Let's not kid ourselves. There was a lot of recycled beer in the pints we so happily slurped back in the 1970s. Whether it happened at the pub or in the brewery, you were lucky if it was the first time around for all of the beer in your glass. In a Tetley's pub with handpumps, it might be as little as 80%.

And still I loved it.

Keg beer was harder to fiddle with in the retail phase.

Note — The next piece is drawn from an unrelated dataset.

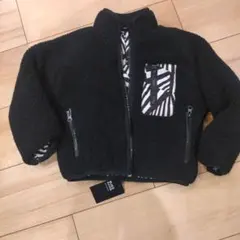 【新品未使用】リバーシブルアウター90-100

That didn’t dodge all the dodgy brewing practices.

A former Watney’s brewer relates just how bad it could get:

“That was the problem with Watney beers at The Whitechapel Brewery all the ullage was pumped up into the old wooden Porter vessels 3 x 500 brls each.”
Dr Mike Cowbourne.

Doesn’t that sound lovely?

10 comments:

Matt said...

Having been born at the start of the decade, I'm too young to have drunk in the seventies, but do recall seeing a lot more home brewing equipment on sale in shops as a kid than there seems to be now. I wonder to what extent poor quality cask and keg beers helped spark that boom (the low price amidst a background of rising inflation must have been a factor too).

bigLurch Habercom said...

you cant the piss out of of Watneys. There would be nothing left.

Chris Pickles said...

One of the big deterrents to drinking mild when I started out in the 1970's was the widely held belief that at the end of the session the slops went into the mild barrel. I don't know how true this was, but it seems logical that if it was happening at the brewery, it was also happening at the pub.

Anonymous said...

I think we're a similar age Matt, and my Dad started homebrewing in the early 80's with a kit from Boots, of course. He'd been made redundant and simply couldn't afford to drink in the pub as much as he had done. He was happy enough with pub beer from memory. There was also a home wine making boom at that time as well, part of a general air of homey crafty back to nature stuff going on in the UK in the late 70's and early 80's - The Good Life, etc - whether just a trend or because of rampant inflation and general economic malaise in the UK, or both, or something else, I don't know. Would be interesting if some home brewers from those could explain why they started.

John said...

How did they keep the beers withing colour and bitterness specs with a presumably unknown and constantly variable ullage mix added in? Or didn't they much care?

Anonymous said...

I'd kill for a pint of early 80s Tetleys (Leeds) bitter now, even with 7.5% ullage. At the pub I worked in, the overflow went back into the tap room mild barrel.

Anonymous said...

For my grandad in the 1980’s it was cheaper to homebrew.
Oscar

Bribie G said...

In Brains pubs in South Wales, just like Tetley, the Dark, Bitter and SA were served through a tight sparkler, and beer escaped down the outside of the glass to a drip tray that went down to a cask. However I have no idea whether it went to the dark cask or its own cask.
When CAMRA got going, my local, the Royal Oak on Newport Road began to park a cask of SA on a stillage behind the bar and serve on gravity. It was a bit of a stunt because CAMRA rated Brains anyway, but it never caught on because the gently poured beer tasted nothing like proper SA, it was almost fizzy and little or no head. So back to the tight sparkler!!

Bribie G said...

In the early to mid 70s I used to brew Tom Caxton, which was really good for home brew. It came with a big plastic bag that you set in your plastic dustbin, mixed up the tin and some sugar, pitched the yeast and closed off the bag with the twistie tie, but not too tight, so that the CO2 could escape. I never had an infection and bottled it in twist top cider flagons of the era.
The TV ads stressed great beer for fourpence a pint or whatever, so cost certainly came into it!!
Surprised that the brand is still going, must still be OK.

Anonymous said...

At a pub I worked in during the early 90's, we were instructed (under threat of dismissal) to collect the contents of the drip trays in pint glasses below the bar. Then these were then just used when someone ordered a pint. Not the worst crime in the world, and not as bad as filtering dead pints at the end of the night through a sieve and pouring the product into the Pedigree cask - mild, bitter, lager, whatever - as happened at a pub a friend worked at.